▶ _Exercise_
Skipping all pictures, print exactly the lines below from the one with "メンズピアス シンプル モダン スティック ピアス" through the final line.

:::

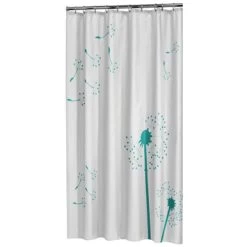 Sealskin Douchegordijn Vento Aqua 180x200 Cm -Gamma Badkamer Winkel 123 6573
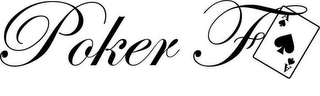 POKER F logo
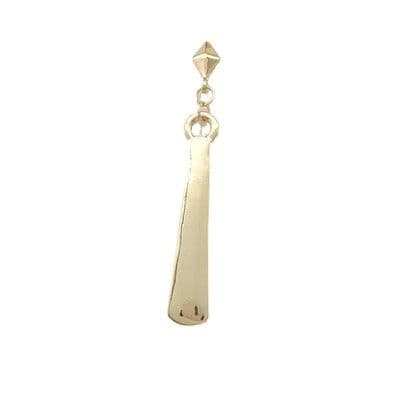 メンズピアス シンプル モダン スティック ピアス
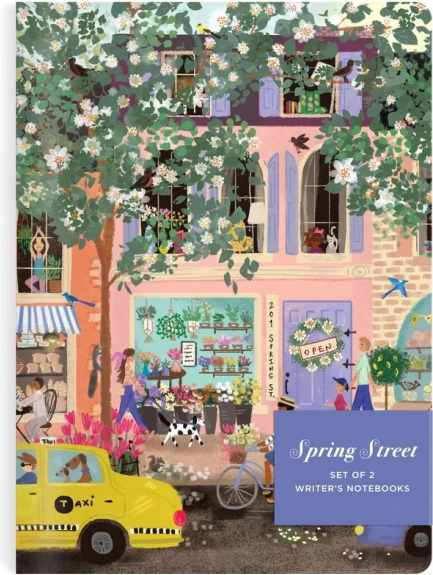 Set beležk Pomladna ulica Galison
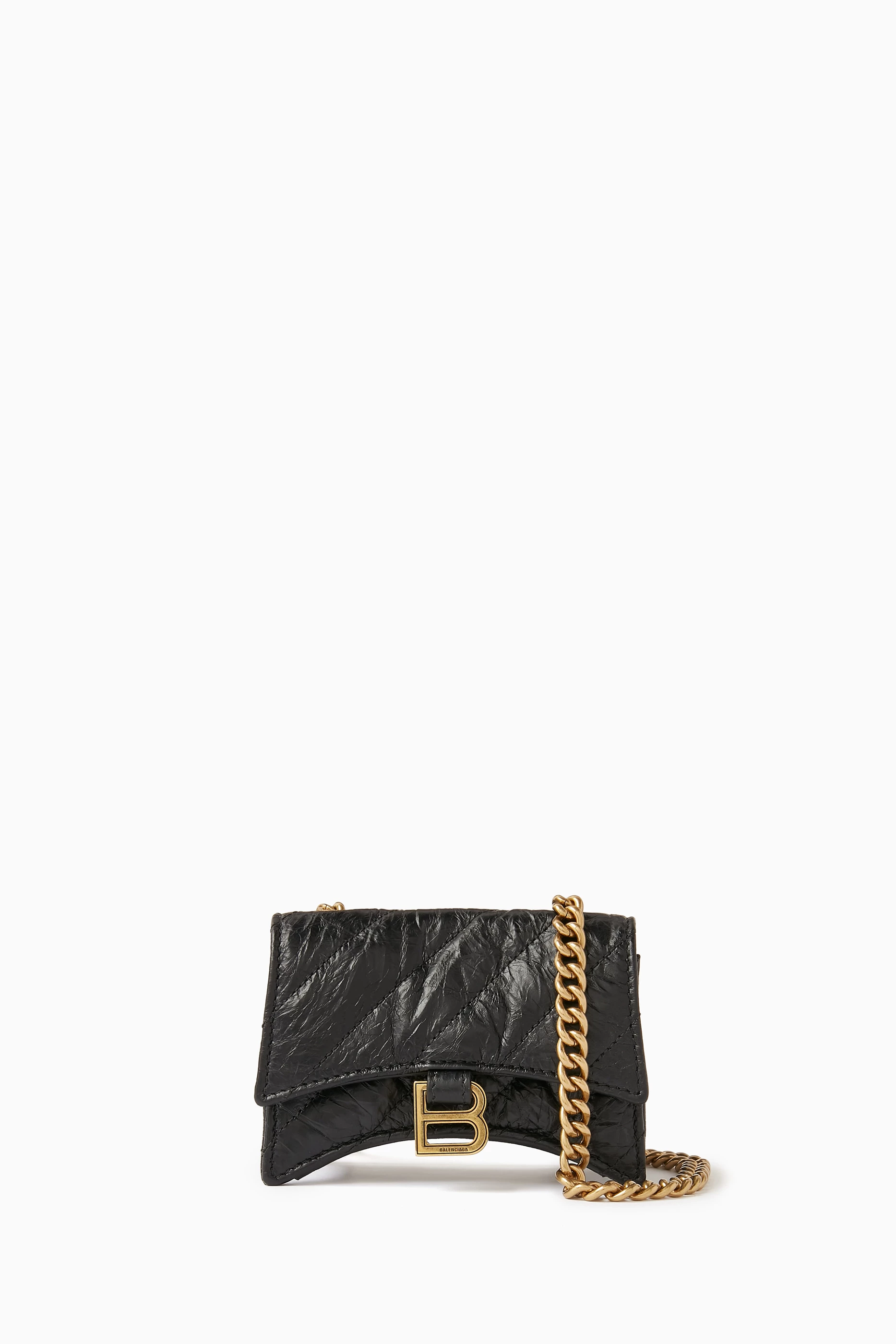 Balenciaga souvenir bag covered chain top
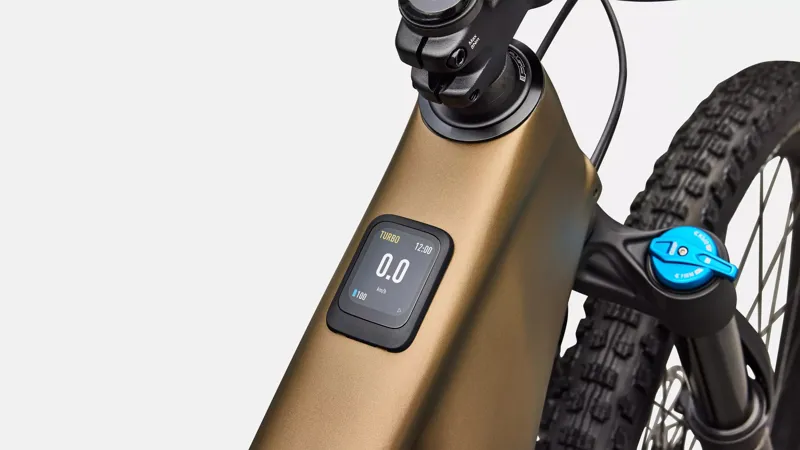 Specialized Turbo Levo R Comp Electric Bike 2026 Burnt Gold/Metallic-5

:::

▶ _Problem solution_
 メンズピアス シンプル モダン スティック ピアス
 Set beležk Pomladna ulica Galison
 Balenciaga souvenir bag covered chain top
 Specialized Turbo Levo R Comp Electric Bike 2026 Burnt Gold/Metallic-5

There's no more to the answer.